Vatican Radio had an interview: Pope Meets with Head of Anglican Communion.
The entire interview (8 minutes) can be downloaded from here. This is worth listening to in full.
Zenit has ARCHBISHOP OF CANTERBURY VISITS BENEDICT XVI.
The Guardian has Vatican lends hand to Williams in battle to shore up Anglican unity.
Update Tuesday afternoon
Another Lambeth Palace press release is headed Archbishop - ‘friendly meeting’ with Pope Benedict and this page, headed Interview with Vatican Radio in Rome, links to a shorter audio recording and transcript of what was actually broadcast.
See also Archbishop of Canterbury, Pope Benedict discuss ecumenical, Muslim-Christian relations from ENS and Archbishop of Canterbury - ‘friendly meeting’ with Pope Benedict from ACNS.
Tuesday evening
There is also this report in the Catholic Herald based on an interview with Cardinal Kasper, and this interpretation of it by Ruth Gledhill.
There's me thinking he'd gone to Rome to report on Anglicanism to the Pope - oh he has, in part.
http://pluralistspeaks.blogspot.com/2008/05/row-meets-benny.html
Sorry but the image in my mind is that Rowan Williams has gone to Rome to learn about how to hold a trowel for the construction of aqueducts and viaducts.
Posted by: Pluralist on Tuesday, 6 May 2008 at 12:51pm BSTAdd this:
http://www.catholicherald.co.uk/articles/a0000273.shtml
The Vatican has said that the time has come for the Anglican Church to choose between Protestantism and the ancient churches of Rome and Orthodoxy. Speaking on the day that the Archbishop of Canterbury met Benedict XVI in Rome, Cardinal Walter Kasper, the president of the Pontifical Council of Christian Unity, said it was time for Anglicanism to "clarify its identity".
Posted by: John B. Chilton on Tuesday, 6 May 2008 at 9:48pm BST"Does it belong more to the churches of the first millennium -Catholic and Orthodox - or does it belong more to the Protestant churches of the 16th century? At the moment it is somewhere in between, . . ."

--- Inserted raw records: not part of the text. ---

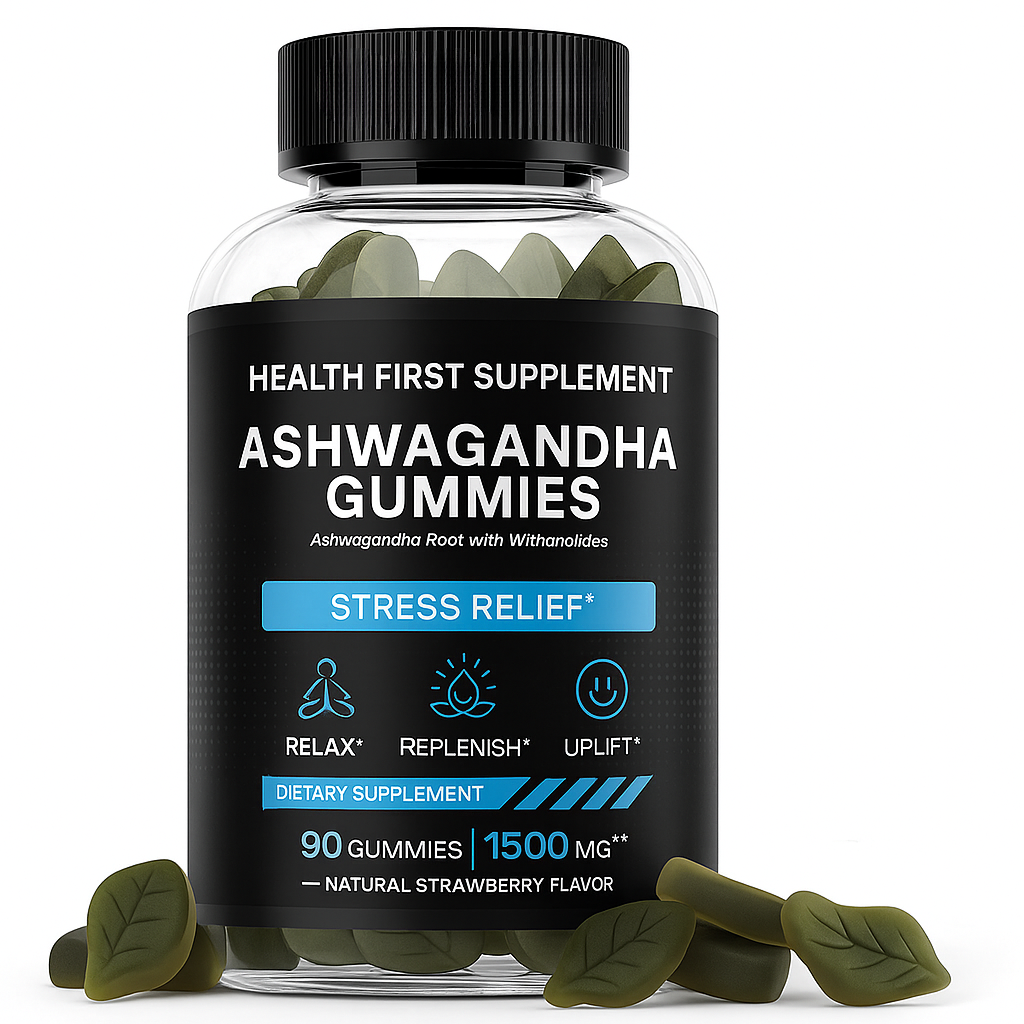 1500mg Ashwagandha Gummies – Stress Relief, Sleep Calm & Immune Support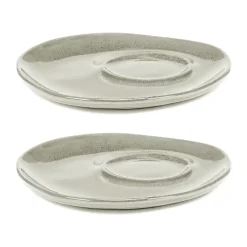 La Mère soucoupe pour tasse à café Ø14,5 cm lot de 2, Off white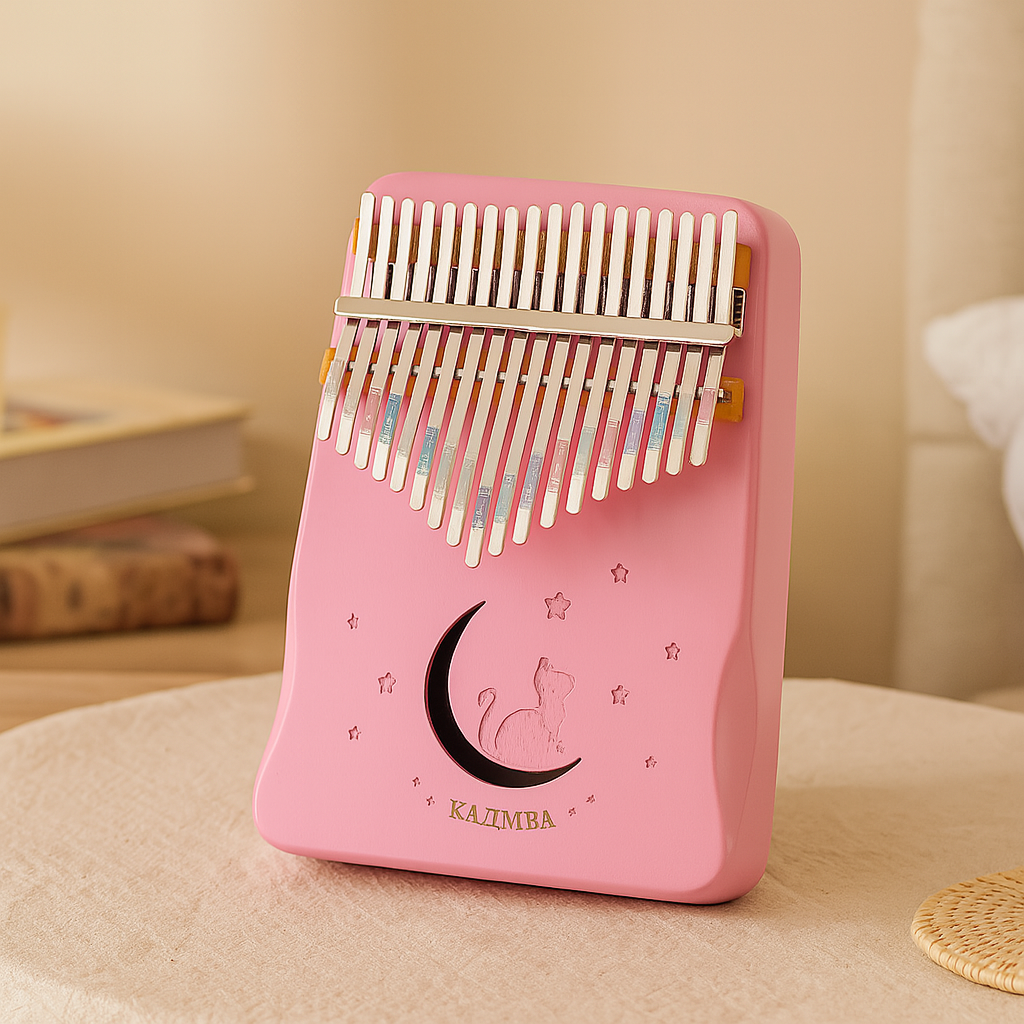 Træ – Kalimba a 17 tasti in legno – Set musicale per principianti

That IS our identity. And, a mighty good one, too. I came to the TEC from the Roman Church. I don't want to go back. I found a home in the TEC - the service and beliefs were familiar. But, oh what a joy to me to have a woman priest. To be part of a Church in which woman were full and equal members. It lifted my soul. I pray that soon our Gay and Lesbian brothers and sisters throughout the Anglican Communion will find that same joy.
We have already chosen. Are we Protestants or Catholics? Yes.
The fact that this kindly prelate cannot wrap his head around it is irrelevant.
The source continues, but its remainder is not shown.